Society has always been there, telling us how to look and act. But at some point, society made a mistake. Society went down a path that it cannot easily turn around on. I believe that society has a way of influencing kids by the media. They convince children, not always knowingly, that they must act and dress much older than they are. I must admit, I went down that path with society as well. But as I went down that path, I never realized that someone would follow my example. I never thought someone would want to be “just like me”.
I am new at being a sister and I’m not great at it. What I never noticed was how much my little sisters act and dress how I do. I came home one day to find my nine-year-old sister dressed like a prostitute. When I confronted her about it, she simply said, “I want to be like Paris.” I was shocked that she would say that, but as I looked around our room I became less surprised. Posters of a fourteen-year-old Miley Cyrus in 4-inch red pumps and Bratz dolls wearing barely anything, dominated the room. Her radio was blasting “Sexy Can I” and her seventeen-year-old aunt, who is a mother of two, was lying on the bed, not even shocked by the atmosphere my sister was in. I almost lost it.
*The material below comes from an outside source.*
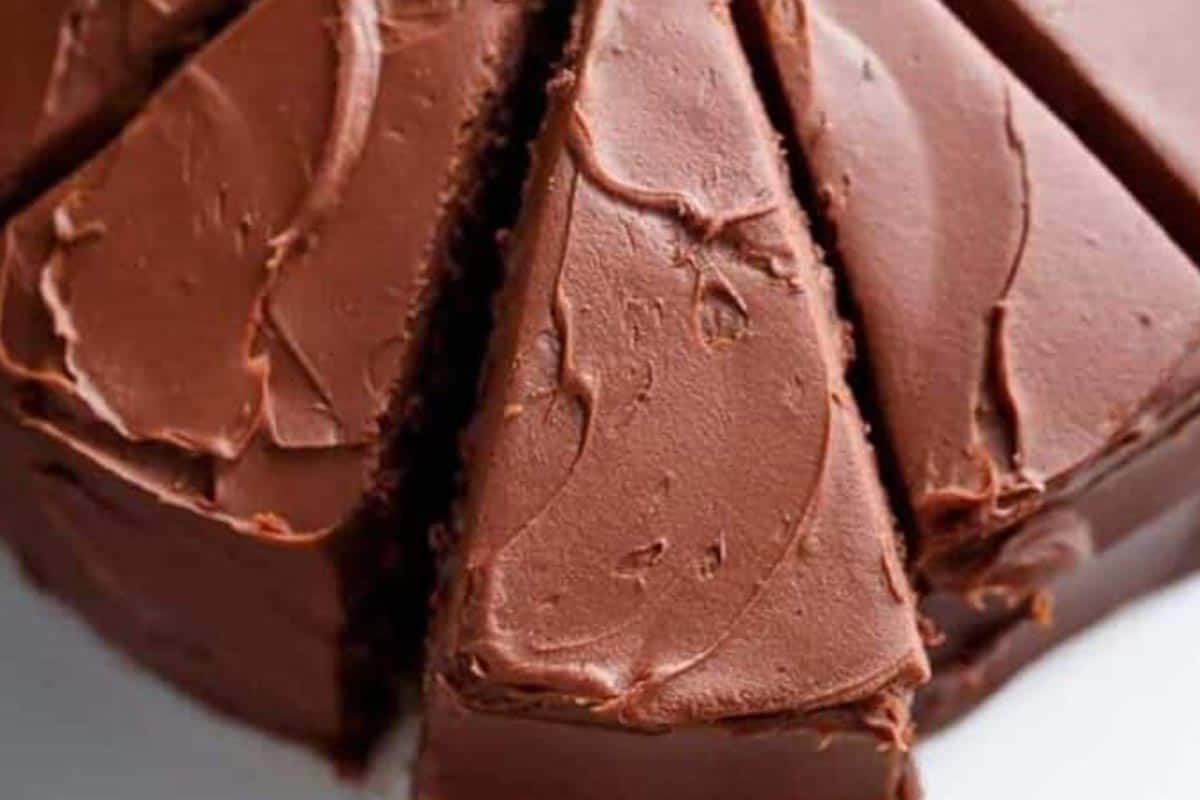 Close-up shot of Best Fudgy Chocolate Cake.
I told my nine-year-old sister that dressing older than she actually was was a bad thing; that acting in that way implied more than she understood and I wouldn’t let her do it. She said I dress older for my age too, I said that was different, and we both realized that it wasn’t.
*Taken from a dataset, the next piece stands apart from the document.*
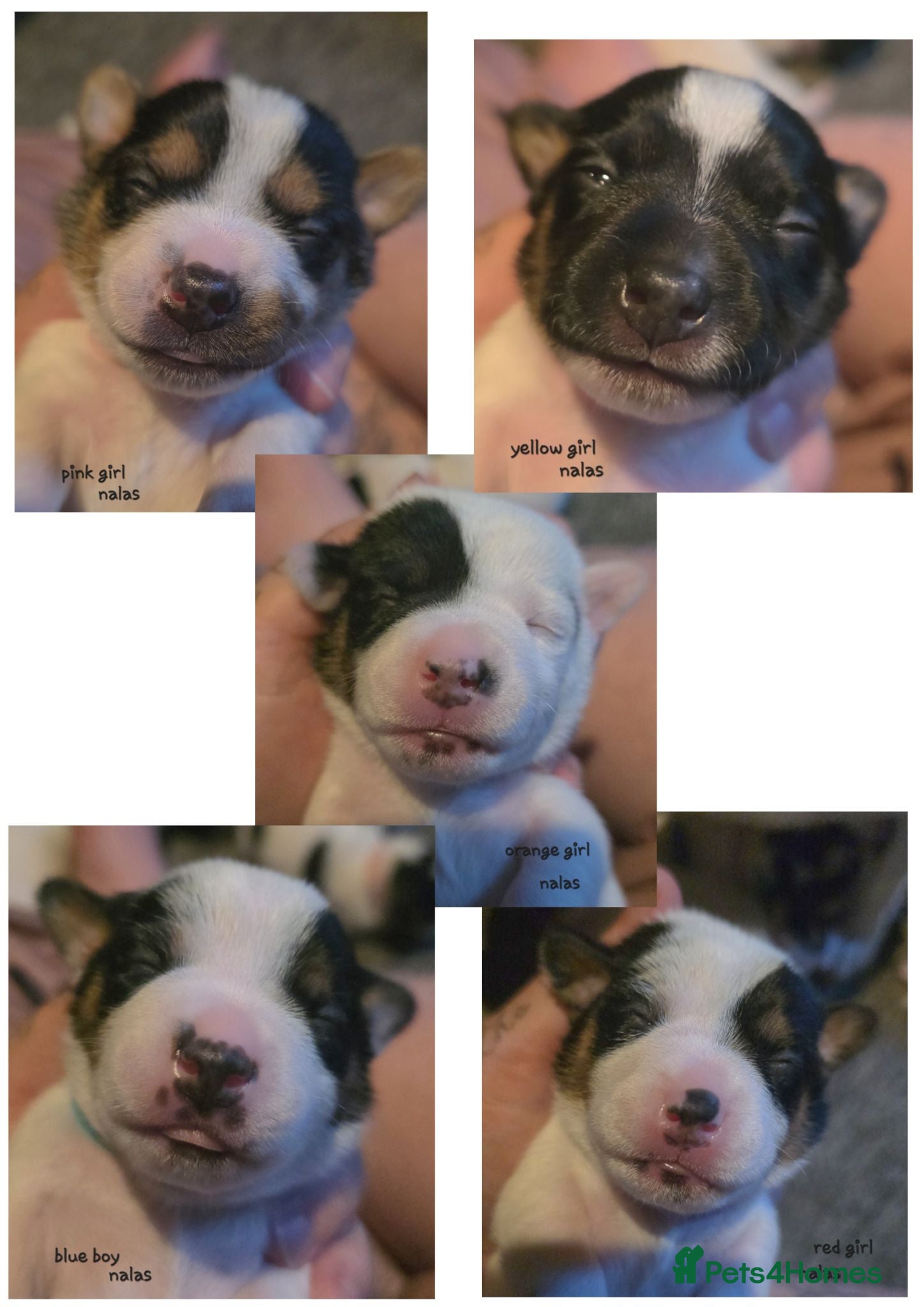 Jack Russell dogs  5 miniature jack russells  - Advert 13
Society influences me just as it influences her, but I know the consequences of dressing or acting in a way that makes me seem older. I don’t want to be the one to tell her to stop pretending to be Paris because Paris made sex tapes. I don’t want to let her know that Hannah Montana is dating a twenty year old underwear model. Maybe it’s not my place. I grew up with the same ignorance as her, letting society influence me as it wished, but I believe that I was stronger, more resilient, because of the adults that surrounded me. The adults that surround her, however, are teenagers and early twenty-year-olds molding this girl into what society had molded them into. It’s no longer strange to be a teen mother or a size zero. It’s on the cover of magazines, all over television, and out on the streets. People seem surprised by the little girls mimicking these things. They shouldn’t be though; they are the ones that end up putting influential things out for their children to see. People should be able to realize what’s going in to their children’s’ heads before they become shocked at how they’re acting. I’m not shocked. I’ve realized that it’s all so inevitable since we’re already so far down that path we started on. Like I said before, we can’t easily turn around. The consequences of our actions will be severe this time, but utterly deserved.